**Exercise details**: Please transcribe the listing that follows exactly; images are to be excluded.

**Data provided**:
══════
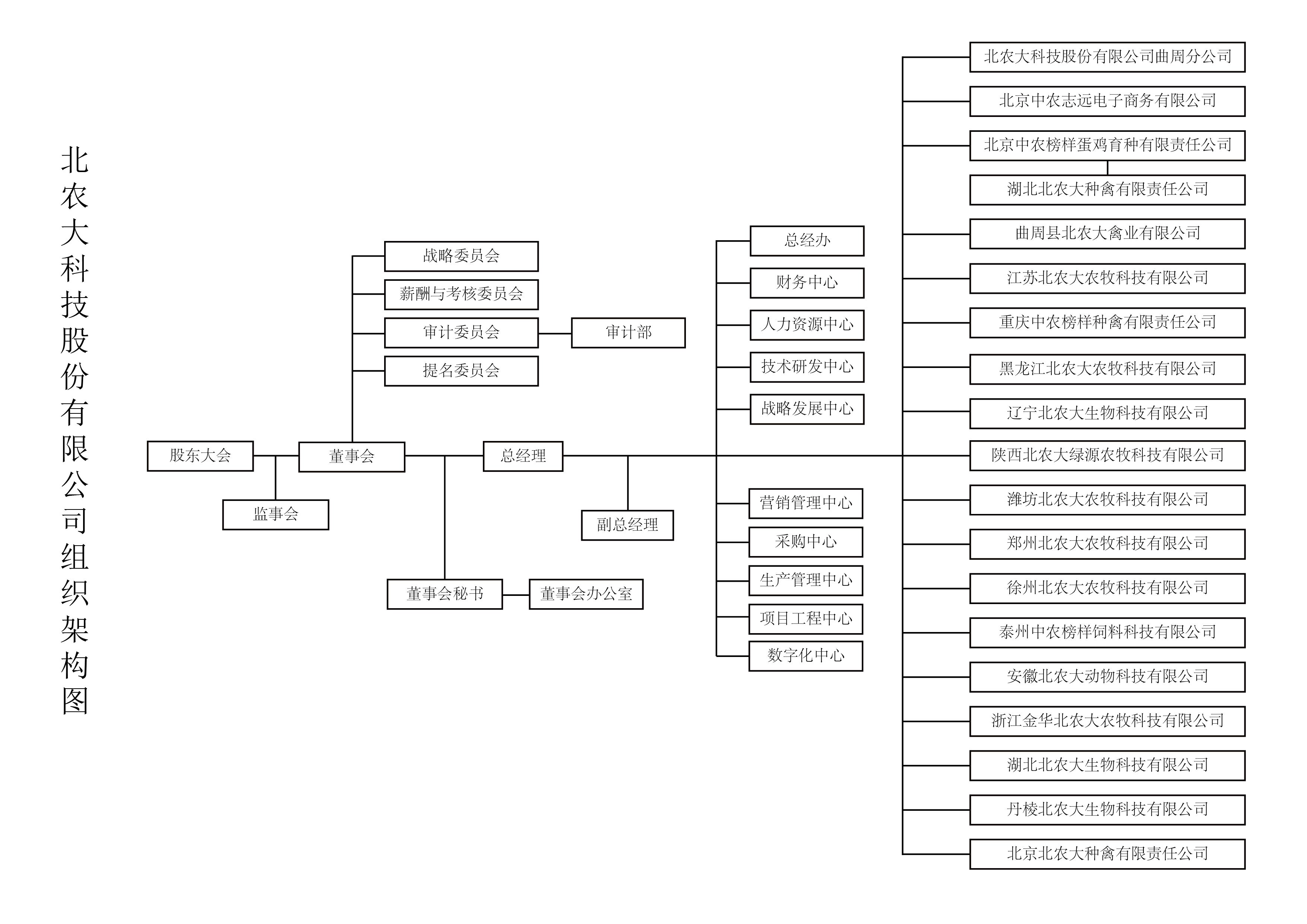 组织架构图suncitygroup太阳新城1_画板 1.png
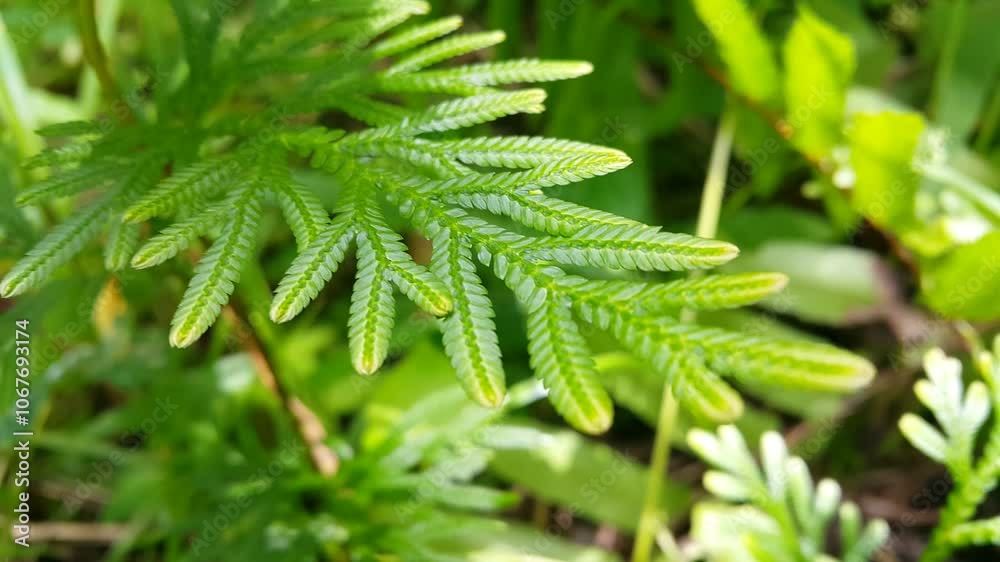 Close up of Selaginella focused on the foreground. Perfect for a documentary in the tropical rainforest and World Environment Day on June 5th. Close up of Selaginella focused on the foreground. Perfect for a documentary in the tropical rainforest and World Environment Day on June 5th.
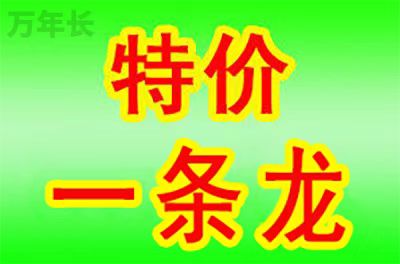 黄陂湖北省武汉市黄陂区墓地多少钱？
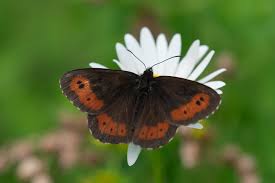 Attēlu rezultāti vaicājumam “Erebia ligea upperside”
══════
**Expected answer**:
 组织架构图suncitygroup太阳新城1_画板 1.png
 Close up of Selaginella focused on the foreground. Perfect for a documentary in the tropical rainforest and World Environment Day on June 5th. Close up of Selaginella focused on the foreground. Perfect for a documentary in the tropical rainforest and World Environment Day on June 5th.
 黄陂湖北省武汉市黄陂区墓地多少钱？
 Attēlu rezultāti vaicājumam “Erebia ligea upperside”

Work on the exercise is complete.